10,000 retail chain stores close during pandemic

Just under 10,000 chain stores disappeared from Great Britain’s retail locations in 2020, amid a warning that the full impact of the pandemic is still to be felt as further ‘temporarily closed’ stores may not re-open.

In total, 7,655 shops opened, compared to 17,532 closures, a net decline of 9,877, according to PwC research compiled by the Local Data Company. Although a decline was to be expected in a pandemic, this is the worst ever seen with an average of 48 chain stores closing every day, and only 21 opening. The findings are bleak compared to five years ago in 2015, which saw net decline of just over 1,000, 50% more openings and 25% fewer closures than 2020.

Retail parks have seen the smallest number of net closures of any location (453), compared to high streets (4,690) and shopping centres (1,791). Footfall was already holding up better in retail parks before the pandemic due to their investment in leisure and some retail parks have benefitted by being anchored by essential retailers that have remained open, even during the tightest restrictions.

Shopping centres by contrast, are often poorly located for consumers who want to shop local and travel less to city centres, and are more likely to host fashion retailers and chain restaurants, which are the number one and three most hard-hit categories for net closure in 2020. Meanwhile, the drop off in high-street footfall has affected those multiple retailers located on high streets, particularly those in large city centres, although this decline in multiples has been partly offset by growth in interest of local and independent operators.

Small towns, which have long been in decline at the expense of more populous areas and cities, are now also enjoying a mini-renaissance. The research suggests that consumers now want to shop in these locations, and larger retailers want to be there.

Lisa Hooker, consumer markets lead at PwC, said: “For the first time, we’re seeing a widening gap between different types of locations: city centres and shopping centres are faltering, but certain retail parks with the right customer appeal are prospering.

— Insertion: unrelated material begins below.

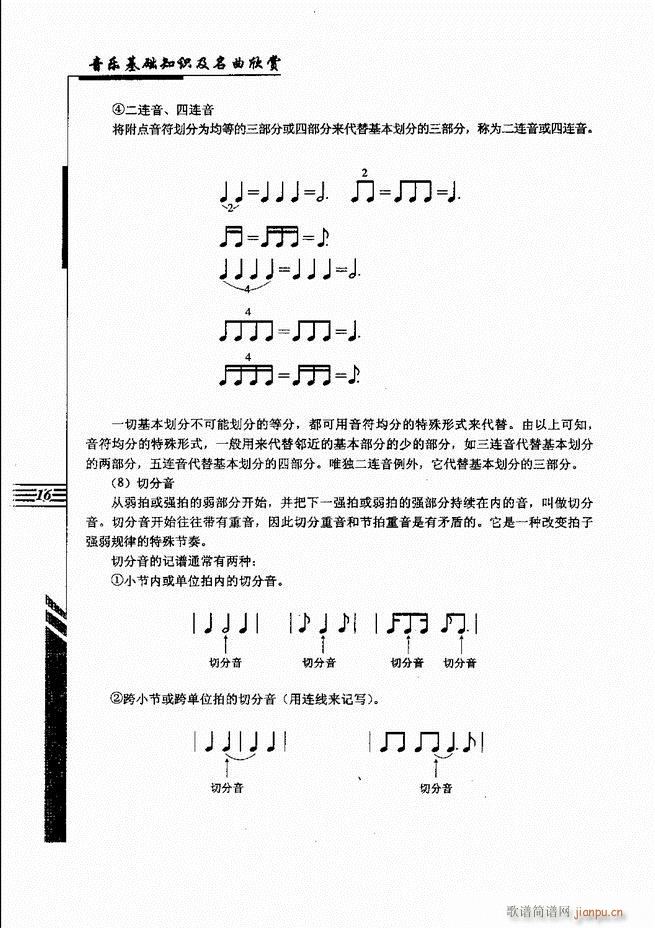 A֪Rp Ŀ1 60(ʮּ)27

“Location is more important than ever as we see a reversal of historical trends. For years, multiple operators have opened more sites in cities and closed units in smaller towns. As consumer behaviours and location preferences change, partly as a result of COVID-19, retailers are moving to be where they need to be. Small towns will remain important but we can expect recovery in cities as workers and tourists return, albeit in smaller numbers adopting more flexible working models.”

Despite the uncertainty and volatility of the past year, some operators are still expanding and finding the right physical stores in the right sector and the right location. For retail, the best performing categories include convenience, discount or essential operators, general merchandise value retailers that do not typically sell online, and local services that need to be located nearby, such as tradesmen or repair shops. For leisure, ‘convenient leisure’ categories have grown through takeaways, cake shops and coffee shops, particularly through a growth in drive-in coffee shops in retail parks and out of town locations.